They were Colonel William Goffe, and his father-in-law Colonel Edward
Whalley. While at first warmly greeted in the Bay Colony, the word of
troops hot on their heels cooled the Bostonian's welcome. They traveled
overland to New Haven where they were greeted by Reverend Davenport.
They took up refuge on West Rock in an outcrop of massive boulders that
now is call Judge's Cave. When the royal authorities arrived it was
the Sabbath. They were Coerced to attend service, at
which the Reverend Davenport read from the Bible, "'Hide the outcasts,
and betray not him that wandereth"' he then read the supposed secret
royal warrant aloud to those present . The officers could not find a
trace of the regicides and departed empty-handed. For more than a month
the judges remained in their natural hideaway. Daily a local farmer
left food for them on a stump about half way from the center of town.

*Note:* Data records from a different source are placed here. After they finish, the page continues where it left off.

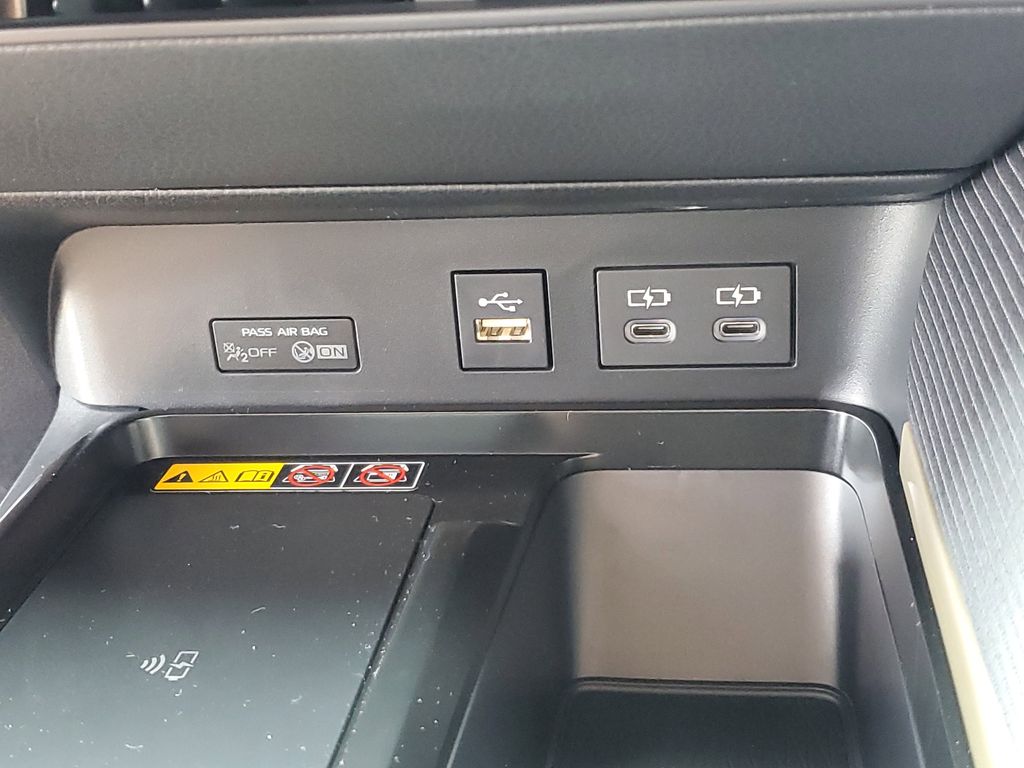 2025 Toyota Camry SE photo 24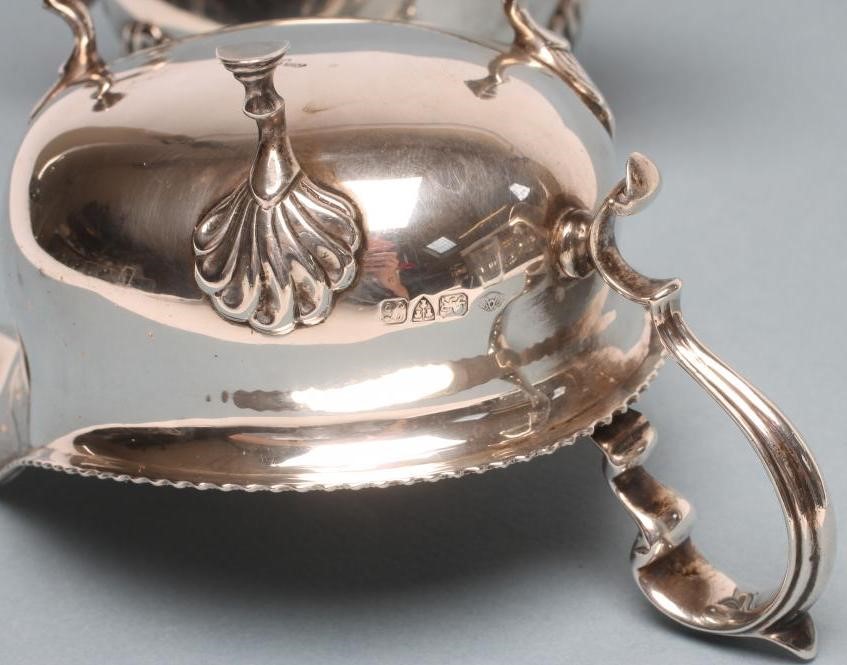A PAIR OF SILVER SAUCE BOATS Image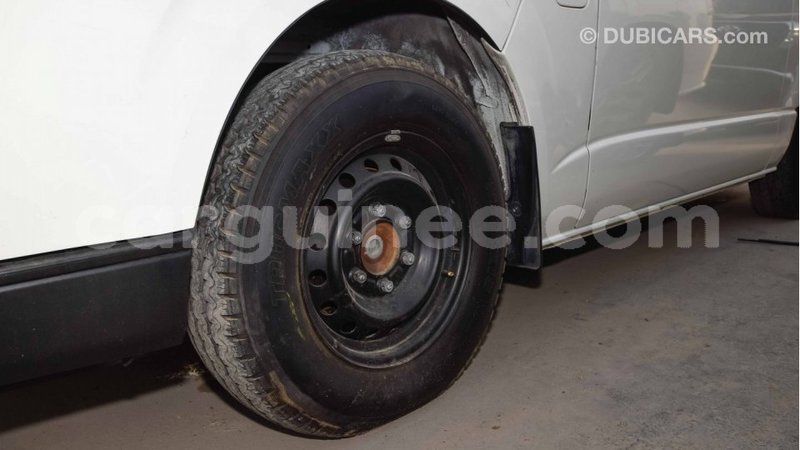 Big with watermark toyota hiace conakry import dubai 3714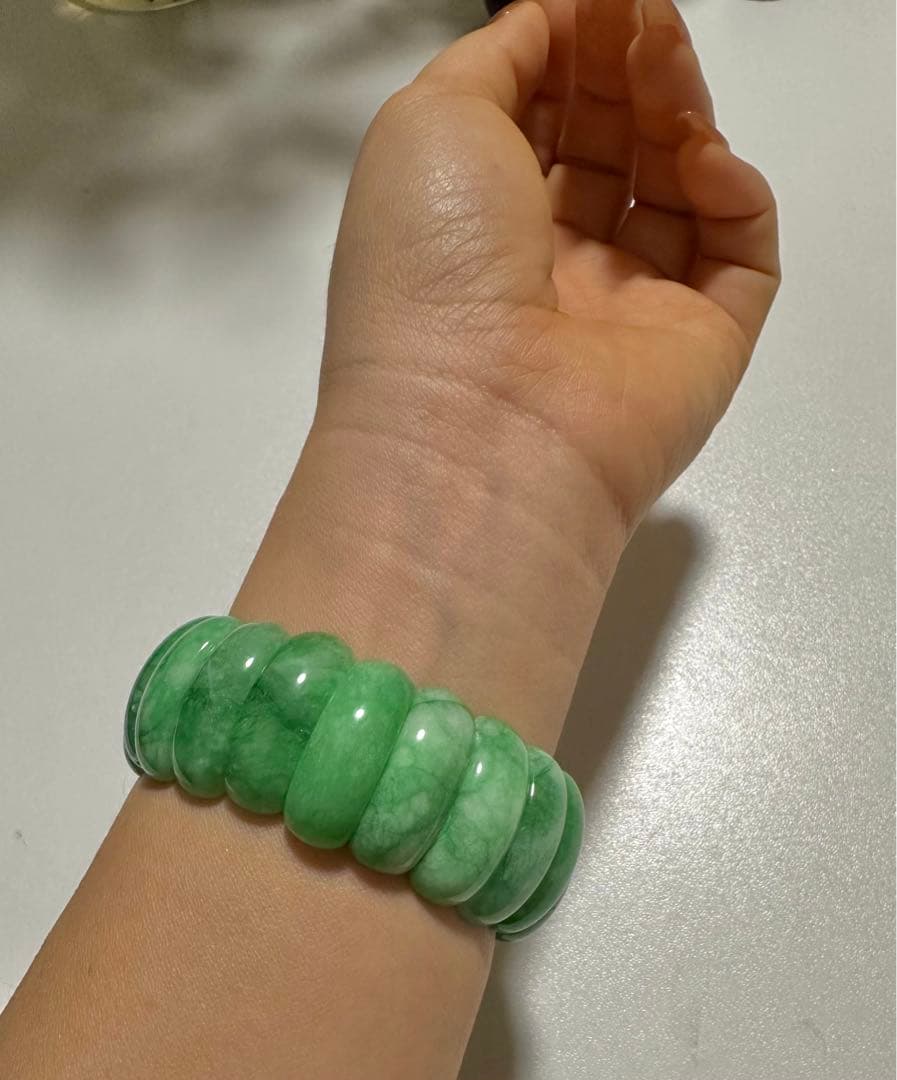 モンゴル産 翡翠 ブレスレット 楕円形 18cm 天然石
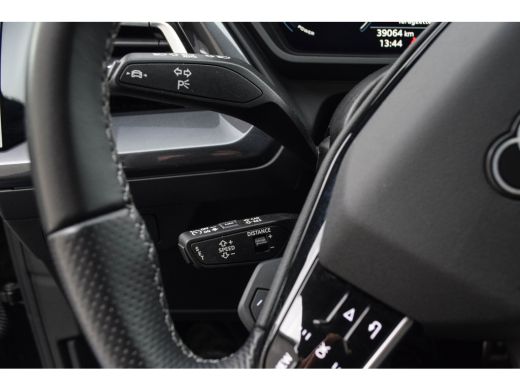 Audi Q4 Sportback e-tron 35 / 2x S-line/ Head-Up Display/ Adaptive Cruise Control/ Panoramadak ActivLease financial lease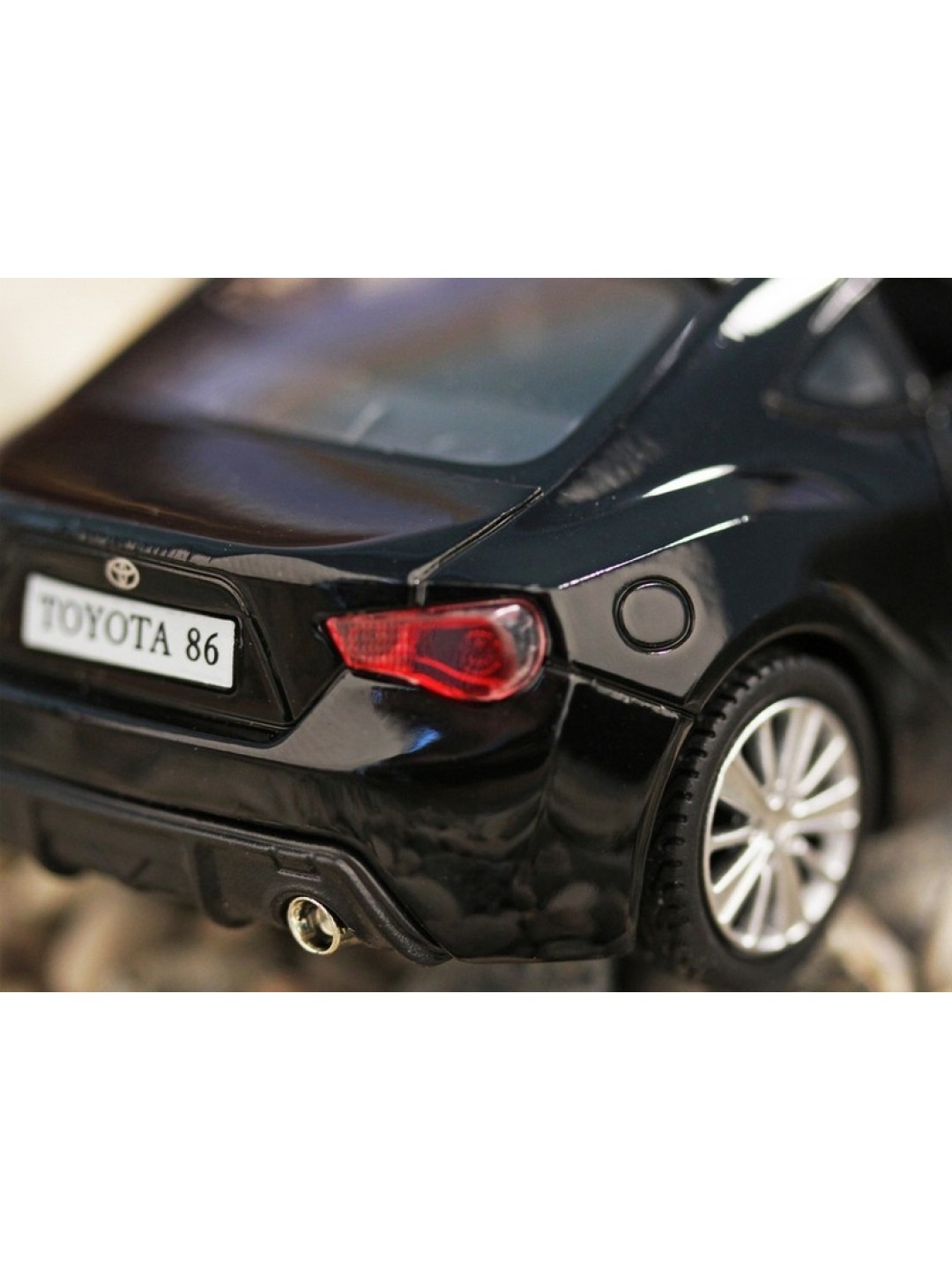 Машина Ideal 1:30-39 Toyota 86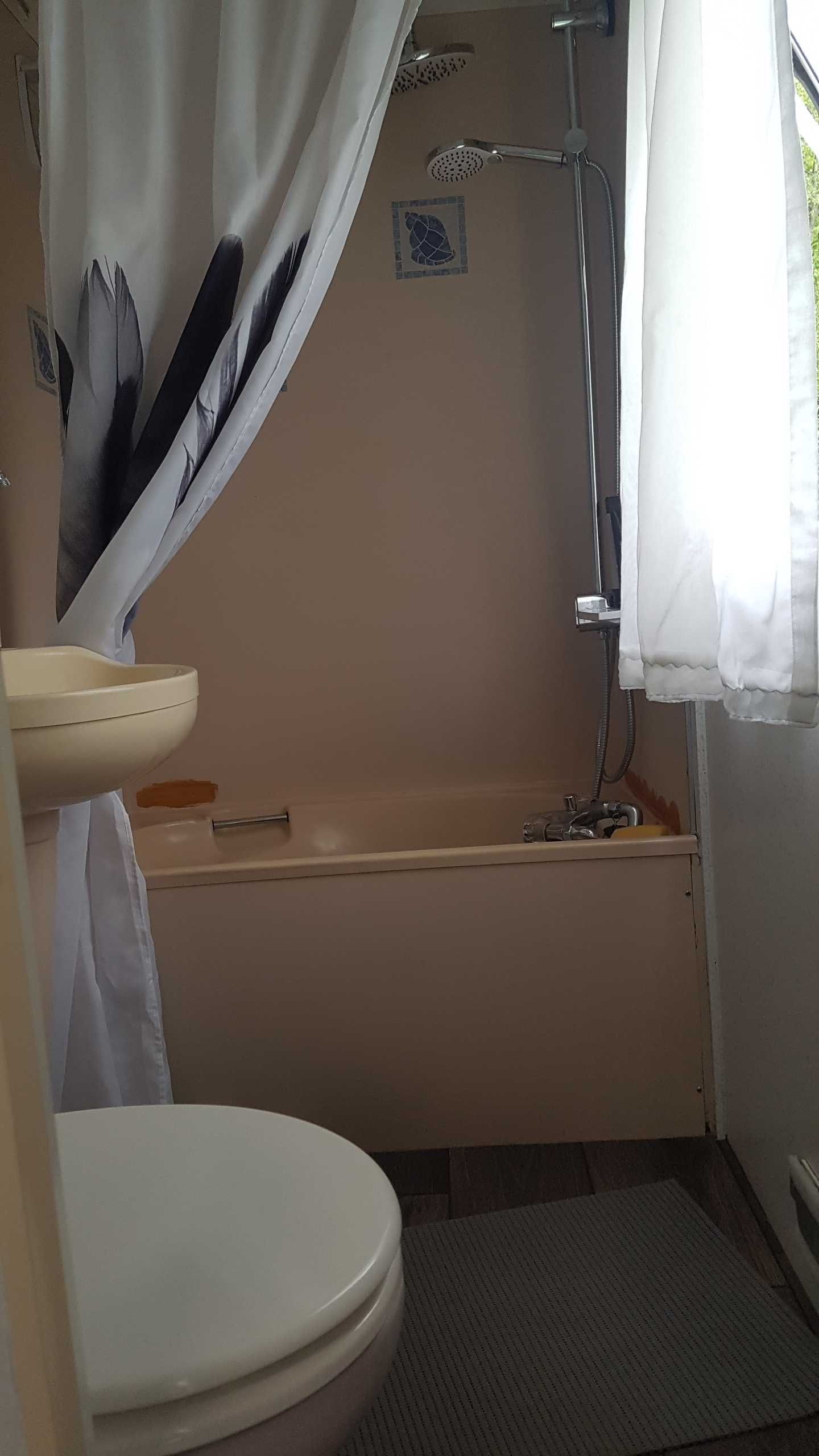Domek, Cisza, las,strumyk, bez sąsiadów, bez dopłat, można zabrać psa.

They were prompted to leave their shelter after hearing what they thought
might be a mountain lion or another fierce wild animal. Colonel Dixwell,
the third regicide, had initially traveled to Europe after his escape
from England and did not join his fellow judges until 1664. In 1664
another detachment of royal officers arrived in search of the regicides.
Now all three hid at the West Rock site. Once again the search was fruitless
and the troops left. The judges fled north spending time in Hadley and
Hartford. Colonel Dixwell is the only one on record to have returned
to New Haven. He assumed the name James Davids and established himself
as a respected member of the community. He started a family and is the
only one of the three judges we are sure of lain to rest on the New
Haven Green.
It
is felt but not established in any written record that this snub of
the Charles II government officials may have hastened the end of the
proud and independent New Haven Colony. It was brought to Governor Leete's
attention that the Connecticut colony was sending an emissary to England
to establish friendly relations with the new government. Eaton had died
in 1658. New Haven was without a statesman and without funds. Governor
Leete sent a hurried message to the Connecticut Colony's Governor Winthrop
to request that he plead New Haven's case. Whether or not the message
ever reached Governor Winthrop is unknown. What is known is that the
Connecticut Colony envoy sought and obtained a charter which included
the independent Colony of New Haven. Governor Winthrop returned in 1663
and proposed a compromise and after a two year argument New Haven acquiesced.
On
January 5, 1665 an act of submission was passed by the General Court
of the New Haven Colony. The New Haven Colony was now officially part
of the Connecticut Colony.
What
words can we use to describe these early settlers? They were most of
all God fearing adventurers. In an almost Quixotic fashion they seemed
to venture forth without regard for physical boundaries or human limitations.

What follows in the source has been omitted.